# Data for review:
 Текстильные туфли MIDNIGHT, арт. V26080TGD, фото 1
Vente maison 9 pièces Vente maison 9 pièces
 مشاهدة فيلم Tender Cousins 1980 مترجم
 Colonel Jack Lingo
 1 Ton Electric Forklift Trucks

...

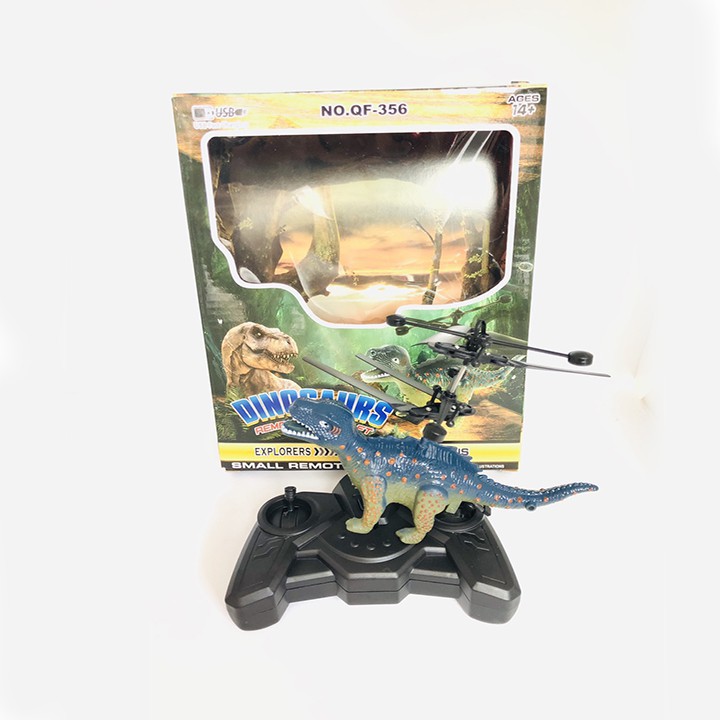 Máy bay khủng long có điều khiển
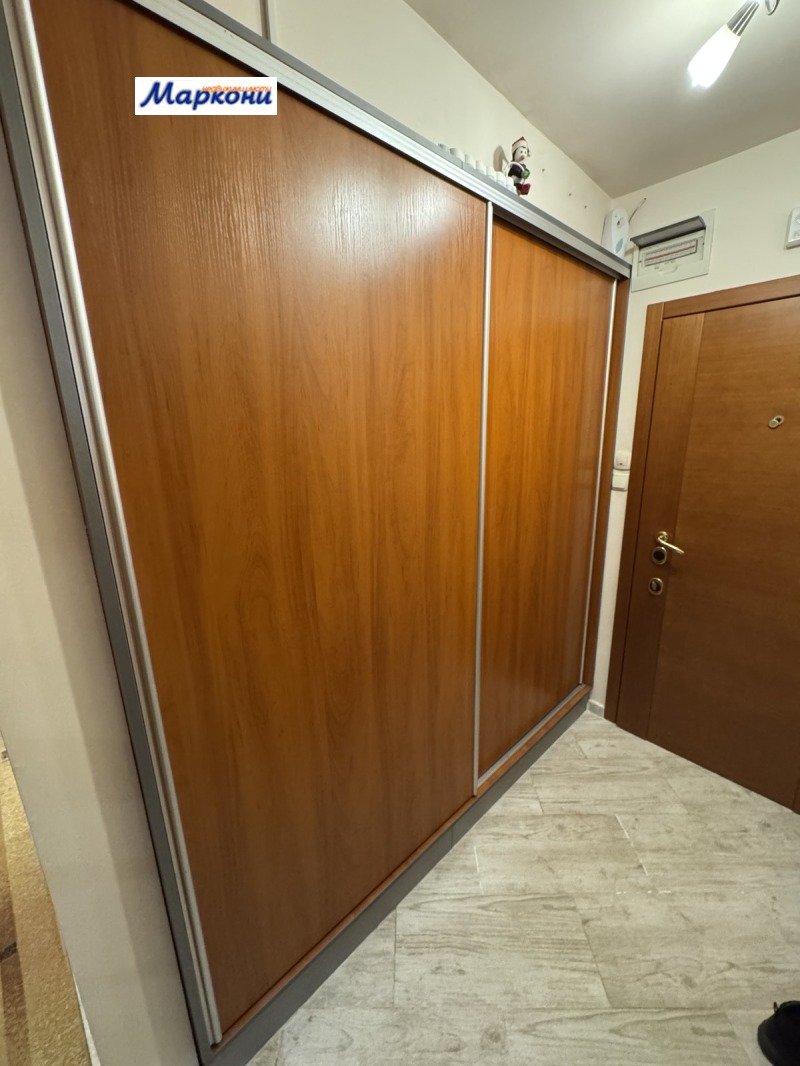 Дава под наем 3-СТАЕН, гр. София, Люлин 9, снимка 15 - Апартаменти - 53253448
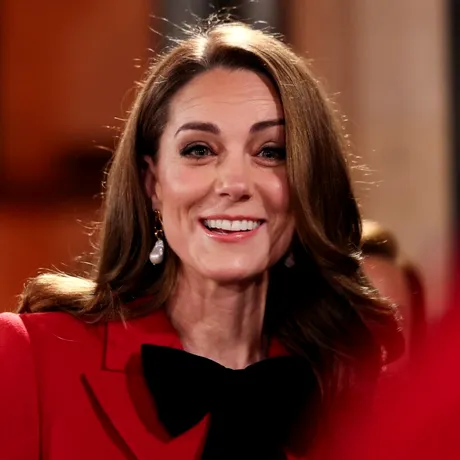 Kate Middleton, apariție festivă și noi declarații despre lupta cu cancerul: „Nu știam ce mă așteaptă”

# Work required:
Within the listing above, give again exactly every line from the line with "Colonel Jack Lingo" through the line with "1 Ton Electric Forklift Trucks", both included, and no other line.

# Answer below:
 Colonel Jack Lingo
 1 Ton Electric Forklift Trucks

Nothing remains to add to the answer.